Bettina also makes the acquaintance of another impoverished English nobleman, Lord Mount Dunstan, who has considerably more pride and spirit than Sir Nigel and has no intention of marrying an American heiress to restore his estate, but who is not well-respected in the neighborhood due to his disreputable late father and brother. Mount Dunstan regains the respect of the neighborhood due to a chance encounter with an American typewriter salesman on holiday, G. Seldon, and because he opens his estate to workers afflicted by typhoid fever. When Sir Nigel returns home to discover Rosalie and Ughtred in improved health and spirits, the estate nearly restored, and Betty responsible for it all, he tries to conceal his ill-will but has never been particularly good at self-control. In a final confrontation, Nigel attempts to bully Bettina into leaving Rosalie at Stornham Court, this time with more of her father's money, but she hides from him and eventually returns with Mount Dunstan, who she had believed dead of typhus. Mount Dunstan whips Sir Nigel "like a dog," and the latter eventually suffers a fit and dies, while Bettina and Mount Dunstan overcome their pride and confess their love for each other.

==Major themes==
The title of the book refers to ships passing back and forth across the Atlantic and creating alliances between England and America like the weaving of a shuttle: "As Americans discovered Europe, that continent discovered America. American beauties began to appear in English drawing-rooms and Continental salons... What could be more a matter of course than that American women, being aided by adoring fathers sumptuously to ship themselves to other lands, should begin to rule these lands also?" Burnett made the transatlantic voyage thirty-three times, which was a lot for the era.

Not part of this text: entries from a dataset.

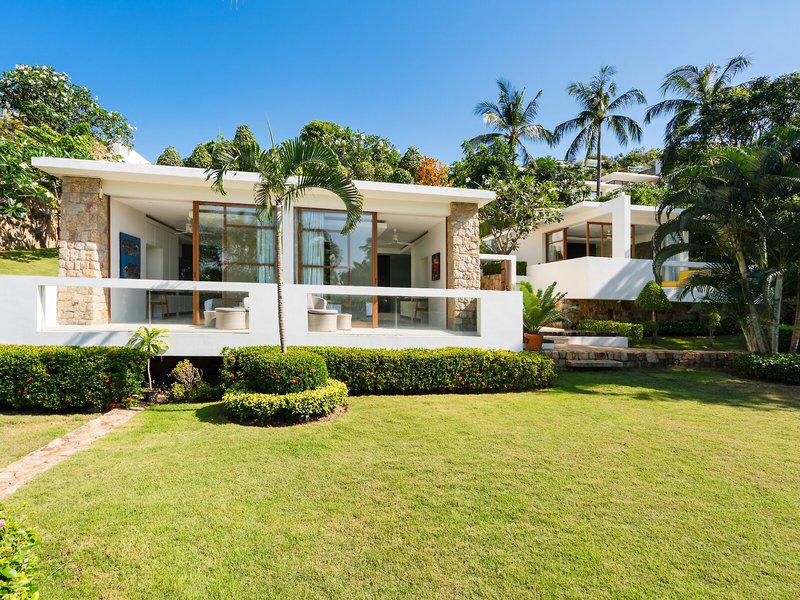 4505D36A831728A91D2F2194514570F5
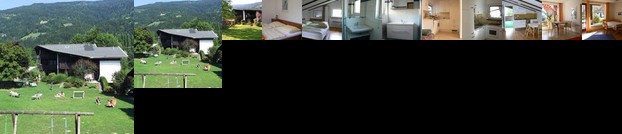 Seeapartments Karnten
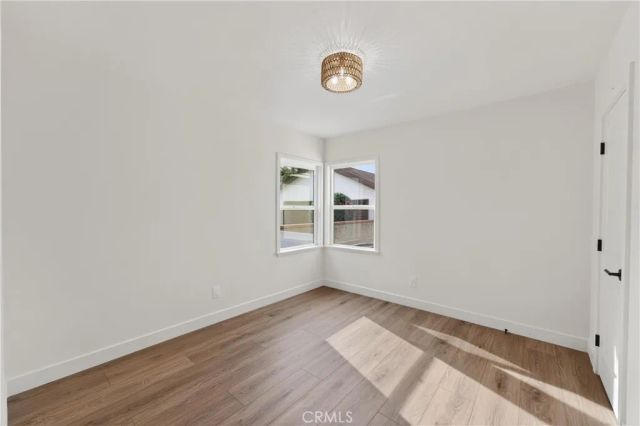 7452 Benares Street, Downey, CA 90241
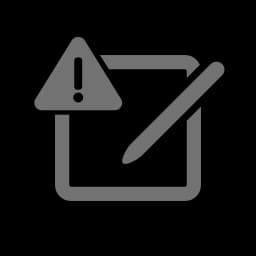 Pilotfish Manual Fault Report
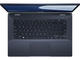 Лаптопи ASUS ExpertBook B3 Flip B3402FEA-EC0189T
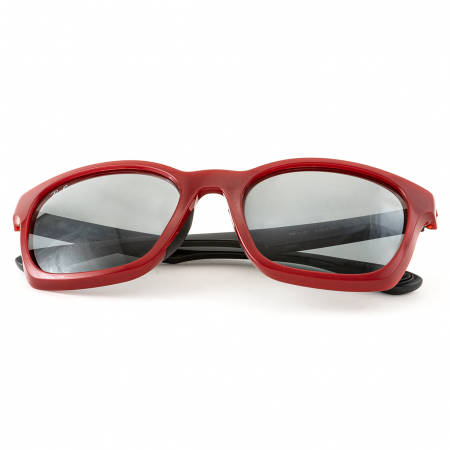 Ray-Ban Highstreet 4197-6044/88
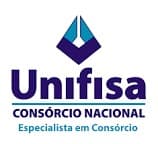 Unifisa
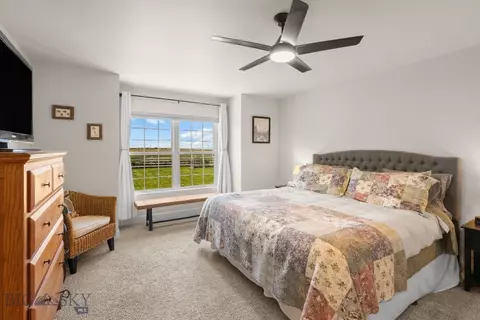 1007 Powers Blvd, Belgrade, MT 59714 photo 23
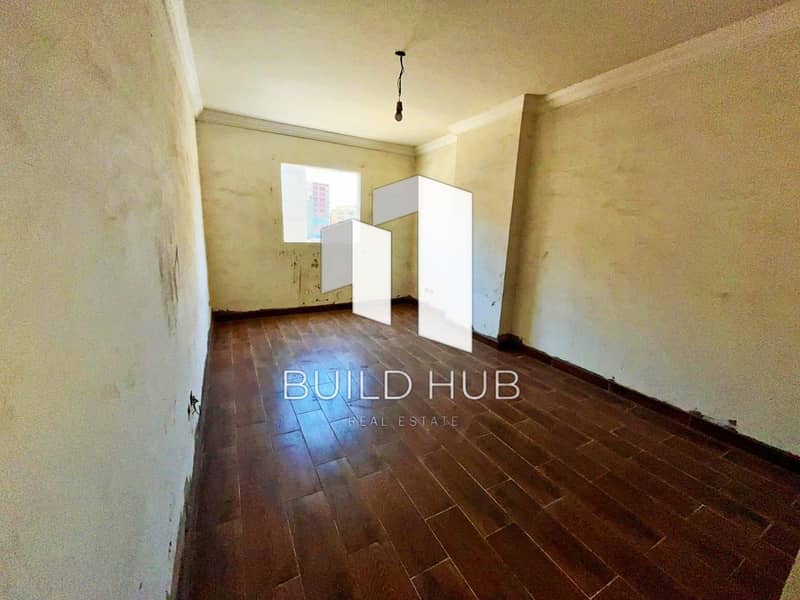 7 IMG-20250928-WA0035. jpg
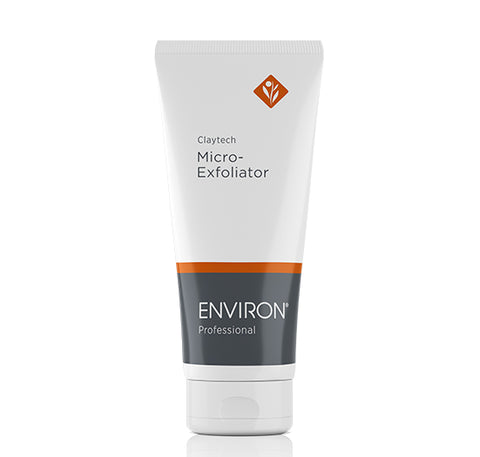 Claytech Micro-Exfoliator 200 ml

Marriages between English aristocrats and American heiresses were common and of considerable public interest at the time. Some of the best known of these alliances was between Jennie Jerome and Lord Randolph Churchill, who were the parents of Winston Churchill, and between Consuelo Vanderbilt and the 9th Duke of Marlborough in 1895. Burnett would have read the gossip around the marriage of the Marlboroughs and other sources, such as Titled Americans: A list of American ladies who have married foreigners of rank, which included: ‘A carefully compiled List of Peers Who are Supposed to be eager to lay their coronets, and incidentally their hearts, at the feet of the all-conquering American Girl.’

The building and grounds of ‘Stornham Court’ were modelled after Great Maytham Hall, near Rolvenden in Kent, which had a beautiful garden that Bettina starts restoring in The Shuttle and which also inspired the titular garden of The Secret Garden.

Angelica Shirley Carpenter writes in In the Garden, Essays in Honor of Frances Hodgson Burnett that Burnett's depiction of Sir Nigel's abuse of Rosalie mirrors the abuse that Burnett herself suffered at the hands of her second husband Stephen: "All the classic signs of abuse, which were not so well-known in Frances's lifetime, are catalogued in The Shuttle. Sir Nigel isolates Rosalie from her family and friends, refusing to let her parents see her when they visit England. Stephen tried this with Frances too."

==Publication history==
Burnett began writing The Shuttle in 1900, but did not finish it until several years later. In the meantime, she wrote several other books, including The Making of a Marchioness and its sequel The Methods of Lady Walderhurst. Both The Shuttle and The Making of a Marchioness were republished in 2007 by Persephone Books.

The Shuttle is on the Publishers Weekly list of bestselling novels in the United States for 1907 and 1908.

The Shuttle was made into a silent film of the same title in 1918 by Margaret Turnbull and Harvey Thew, and featured Constance Talmadge as Bettina Vanderpoel, Edith Johnson as Rosalie Vanderpoel, Edwin B. Tilton as Reuben Vanderpoel, Helen Dunbar as Mrs. Vanderpoel, George A. McDaniel as Sir Nigel Anstruthers, Albert Roscoe as Lord Mount Dunstan, Thomas Persse as Penzance, Edward Peil Sr. as Ughtred Anstruthers, and Casson Ferguson as G. Selden. It was directed by Rollin S. Sturgeon for Select Pictures.